## [Exercise description]
Print exactly the lines below between the line holding "Biloban Online Store" and the line holding "US Emission Control Catalyst Market Size", inclusive, and nothing more.

## [Data to process]
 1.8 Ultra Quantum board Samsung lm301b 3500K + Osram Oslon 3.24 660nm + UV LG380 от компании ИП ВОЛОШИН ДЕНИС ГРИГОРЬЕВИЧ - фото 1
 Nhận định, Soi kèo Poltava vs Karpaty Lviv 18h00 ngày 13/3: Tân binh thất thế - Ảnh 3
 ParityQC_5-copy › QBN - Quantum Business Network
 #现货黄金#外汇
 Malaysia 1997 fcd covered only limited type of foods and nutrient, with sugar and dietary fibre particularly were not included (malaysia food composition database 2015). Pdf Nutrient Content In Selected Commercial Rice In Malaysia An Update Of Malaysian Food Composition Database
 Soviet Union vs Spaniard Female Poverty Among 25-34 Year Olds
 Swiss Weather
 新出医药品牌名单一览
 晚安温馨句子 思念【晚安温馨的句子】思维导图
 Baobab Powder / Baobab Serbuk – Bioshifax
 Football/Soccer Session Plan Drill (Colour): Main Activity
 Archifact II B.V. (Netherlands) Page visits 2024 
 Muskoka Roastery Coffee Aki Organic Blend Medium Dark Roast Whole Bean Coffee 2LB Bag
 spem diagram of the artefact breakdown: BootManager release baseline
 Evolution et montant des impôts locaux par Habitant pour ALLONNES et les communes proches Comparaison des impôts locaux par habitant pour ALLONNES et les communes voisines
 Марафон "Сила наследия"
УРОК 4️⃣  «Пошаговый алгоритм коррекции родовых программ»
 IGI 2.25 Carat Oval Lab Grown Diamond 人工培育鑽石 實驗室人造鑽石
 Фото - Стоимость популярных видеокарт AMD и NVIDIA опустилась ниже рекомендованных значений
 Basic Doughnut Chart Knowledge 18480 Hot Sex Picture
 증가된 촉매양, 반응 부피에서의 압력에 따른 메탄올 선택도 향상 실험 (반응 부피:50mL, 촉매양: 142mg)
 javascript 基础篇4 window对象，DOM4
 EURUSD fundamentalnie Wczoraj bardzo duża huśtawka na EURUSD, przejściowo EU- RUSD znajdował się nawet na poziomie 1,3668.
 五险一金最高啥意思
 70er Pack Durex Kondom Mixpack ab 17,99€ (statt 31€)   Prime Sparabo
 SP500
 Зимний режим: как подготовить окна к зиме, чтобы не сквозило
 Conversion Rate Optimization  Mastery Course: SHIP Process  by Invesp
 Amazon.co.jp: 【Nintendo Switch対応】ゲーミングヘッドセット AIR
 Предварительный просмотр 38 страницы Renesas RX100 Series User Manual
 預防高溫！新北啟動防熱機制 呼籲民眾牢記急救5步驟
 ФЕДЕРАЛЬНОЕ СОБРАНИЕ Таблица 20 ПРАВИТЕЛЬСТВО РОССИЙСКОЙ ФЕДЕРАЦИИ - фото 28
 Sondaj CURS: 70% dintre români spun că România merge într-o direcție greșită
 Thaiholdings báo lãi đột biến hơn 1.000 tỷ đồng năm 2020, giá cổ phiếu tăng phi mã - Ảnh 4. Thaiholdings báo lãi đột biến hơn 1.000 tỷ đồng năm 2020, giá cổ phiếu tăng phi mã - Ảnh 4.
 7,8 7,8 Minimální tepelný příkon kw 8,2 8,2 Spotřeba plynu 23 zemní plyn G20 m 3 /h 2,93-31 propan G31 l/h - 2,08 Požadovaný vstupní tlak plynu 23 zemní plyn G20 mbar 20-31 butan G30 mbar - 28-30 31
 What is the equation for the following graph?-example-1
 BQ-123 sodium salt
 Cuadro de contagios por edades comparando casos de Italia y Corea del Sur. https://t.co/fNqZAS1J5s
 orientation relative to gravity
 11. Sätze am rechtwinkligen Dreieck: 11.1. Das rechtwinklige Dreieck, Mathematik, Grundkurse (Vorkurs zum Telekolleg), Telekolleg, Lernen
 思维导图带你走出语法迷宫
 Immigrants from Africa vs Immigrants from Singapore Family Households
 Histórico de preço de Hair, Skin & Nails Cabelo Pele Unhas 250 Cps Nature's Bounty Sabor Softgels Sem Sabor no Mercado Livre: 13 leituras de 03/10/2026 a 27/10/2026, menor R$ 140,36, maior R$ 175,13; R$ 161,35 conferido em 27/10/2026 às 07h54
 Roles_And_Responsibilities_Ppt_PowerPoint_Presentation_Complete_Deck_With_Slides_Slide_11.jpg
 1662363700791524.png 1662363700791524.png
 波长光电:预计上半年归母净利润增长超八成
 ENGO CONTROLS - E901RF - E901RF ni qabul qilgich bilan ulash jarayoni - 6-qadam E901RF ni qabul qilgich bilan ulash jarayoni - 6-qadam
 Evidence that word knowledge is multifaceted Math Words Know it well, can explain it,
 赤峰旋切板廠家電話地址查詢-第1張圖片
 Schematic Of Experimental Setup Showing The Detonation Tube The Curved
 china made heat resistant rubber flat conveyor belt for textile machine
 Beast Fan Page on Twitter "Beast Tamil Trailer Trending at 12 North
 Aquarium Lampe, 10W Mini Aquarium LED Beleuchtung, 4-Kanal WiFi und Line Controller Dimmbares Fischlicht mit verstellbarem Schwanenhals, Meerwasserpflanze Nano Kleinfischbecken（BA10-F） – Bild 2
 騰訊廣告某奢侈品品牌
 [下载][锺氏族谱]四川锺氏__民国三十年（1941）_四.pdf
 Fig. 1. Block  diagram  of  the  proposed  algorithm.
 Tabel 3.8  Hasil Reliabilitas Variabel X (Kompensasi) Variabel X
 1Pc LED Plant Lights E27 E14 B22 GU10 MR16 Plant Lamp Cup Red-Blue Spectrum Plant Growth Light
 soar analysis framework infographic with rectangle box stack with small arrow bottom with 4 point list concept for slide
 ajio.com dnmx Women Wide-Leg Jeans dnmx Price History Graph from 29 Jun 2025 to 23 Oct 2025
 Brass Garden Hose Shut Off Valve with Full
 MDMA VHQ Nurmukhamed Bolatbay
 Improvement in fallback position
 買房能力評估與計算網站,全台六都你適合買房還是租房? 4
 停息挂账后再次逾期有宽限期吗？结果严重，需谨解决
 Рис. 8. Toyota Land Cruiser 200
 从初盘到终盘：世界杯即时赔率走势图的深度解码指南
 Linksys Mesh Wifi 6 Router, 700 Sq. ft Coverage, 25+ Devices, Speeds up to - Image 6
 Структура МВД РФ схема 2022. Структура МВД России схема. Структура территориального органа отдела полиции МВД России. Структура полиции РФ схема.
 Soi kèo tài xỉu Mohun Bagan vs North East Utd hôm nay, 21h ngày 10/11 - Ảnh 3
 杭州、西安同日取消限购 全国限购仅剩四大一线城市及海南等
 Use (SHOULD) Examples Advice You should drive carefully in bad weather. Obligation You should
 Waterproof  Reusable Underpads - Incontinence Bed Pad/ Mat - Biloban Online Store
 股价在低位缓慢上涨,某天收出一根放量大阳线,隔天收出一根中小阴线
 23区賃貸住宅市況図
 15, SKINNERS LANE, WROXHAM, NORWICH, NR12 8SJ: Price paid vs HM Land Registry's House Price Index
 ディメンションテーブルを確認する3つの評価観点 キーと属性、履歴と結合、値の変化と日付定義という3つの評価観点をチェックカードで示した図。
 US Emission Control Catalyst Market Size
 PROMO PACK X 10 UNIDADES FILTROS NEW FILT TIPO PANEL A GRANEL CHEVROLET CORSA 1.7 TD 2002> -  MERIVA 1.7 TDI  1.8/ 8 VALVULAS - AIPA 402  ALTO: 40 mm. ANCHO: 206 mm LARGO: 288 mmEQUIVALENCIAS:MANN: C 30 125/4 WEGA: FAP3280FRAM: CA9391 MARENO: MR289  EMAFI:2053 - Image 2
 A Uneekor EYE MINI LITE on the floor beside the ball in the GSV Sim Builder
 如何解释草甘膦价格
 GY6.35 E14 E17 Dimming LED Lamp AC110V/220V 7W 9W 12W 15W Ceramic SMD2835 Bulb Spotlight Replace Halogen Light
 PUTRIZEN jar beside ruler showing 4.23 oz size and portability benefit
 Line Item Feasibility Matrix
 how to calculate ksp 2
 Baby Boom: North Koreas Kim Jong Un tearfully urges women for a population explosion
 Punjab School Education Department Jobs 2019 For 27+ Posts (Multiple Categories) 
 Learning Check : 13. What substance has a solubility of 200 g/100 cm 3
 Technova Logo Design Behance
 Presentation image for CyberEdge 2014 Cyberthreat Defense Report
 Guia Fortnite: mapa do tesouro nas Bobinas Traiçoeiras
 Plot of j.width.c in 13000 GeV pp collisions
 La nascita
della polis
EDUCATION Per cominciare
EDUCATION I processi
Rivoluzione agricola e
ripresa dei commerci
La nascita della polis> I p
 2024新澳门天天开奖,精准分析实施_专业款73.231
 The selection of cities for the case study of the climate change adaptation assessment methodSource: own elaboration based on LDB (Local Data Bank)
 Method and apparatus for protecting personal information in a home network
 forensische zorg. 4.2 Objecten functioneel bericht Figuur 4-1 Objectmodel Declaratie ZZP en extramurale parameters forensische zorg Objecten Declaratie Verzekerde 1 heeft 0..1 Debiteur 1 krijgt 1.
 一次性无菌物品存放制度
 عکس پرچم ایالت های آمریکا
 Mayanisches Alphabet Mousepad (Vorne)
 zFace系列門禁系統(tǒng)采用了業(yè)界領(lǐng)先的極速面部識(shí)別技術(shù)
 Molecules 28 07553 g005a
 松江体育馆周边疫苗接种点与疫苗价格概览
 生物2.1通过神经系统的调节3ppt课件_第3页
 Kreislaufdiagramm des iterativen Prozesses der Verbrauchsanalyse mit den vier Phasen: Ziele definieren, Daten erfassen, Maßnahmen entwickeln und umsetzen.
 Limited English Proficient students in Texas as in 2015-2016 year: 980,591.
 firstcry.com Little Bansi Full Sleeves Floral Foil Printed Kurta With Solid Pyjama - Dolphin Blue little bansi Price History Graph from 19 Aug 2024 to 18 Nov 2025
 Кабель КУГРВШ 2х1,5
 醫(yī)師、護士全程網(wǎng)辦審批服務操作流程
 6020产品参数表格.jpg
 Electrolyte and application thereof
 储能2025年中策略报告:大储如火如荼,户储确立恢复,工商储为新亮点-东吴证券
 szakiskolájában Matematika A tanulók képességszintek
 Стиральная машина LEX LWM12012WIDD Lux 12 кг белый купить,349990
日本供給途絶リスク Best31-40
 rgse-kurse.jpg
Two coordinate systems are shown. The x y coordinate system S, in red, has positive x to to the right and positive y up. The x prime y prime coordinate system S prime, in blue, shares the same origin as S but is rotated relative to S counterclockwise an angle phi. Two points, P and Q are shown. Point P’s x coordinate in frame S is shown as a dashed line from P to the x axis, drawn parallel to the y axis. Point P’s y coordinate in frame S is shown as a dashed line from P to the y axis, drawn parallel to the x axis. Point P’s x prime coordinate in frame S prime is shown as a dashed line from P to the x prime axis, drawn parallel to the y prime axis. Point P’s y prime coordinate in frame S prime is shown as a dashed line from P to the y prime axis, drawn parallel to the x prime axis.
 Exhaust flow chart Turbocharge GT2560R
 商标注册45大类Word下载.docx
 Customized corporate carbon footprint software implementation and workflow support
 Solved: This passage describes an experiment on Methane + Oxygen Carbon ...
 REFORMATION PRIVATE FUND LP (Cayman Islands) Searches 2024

## [Task answer]
 Waterproof  Reusable Underpads - Incontinence Bed Pad/ Mat - Biloban Online Store
 股价在低位缓慢上涨,某天收出一根放量大阳线,隔天收出一根中小阴线
 23区賃貸住宅市況図
 15, SKINNERS LANE, WROXHAM, NORWICH, NR12 8SJ: Price paid vs HM Land Registry's House Price Index
 ディメンションテーブルを確認する3つの評価観点 キーと属性、履歴と結合、値の変化と日付定義という3つの評価観点をチェックカードで示した図。
 US Emission Control Catalyst Market Size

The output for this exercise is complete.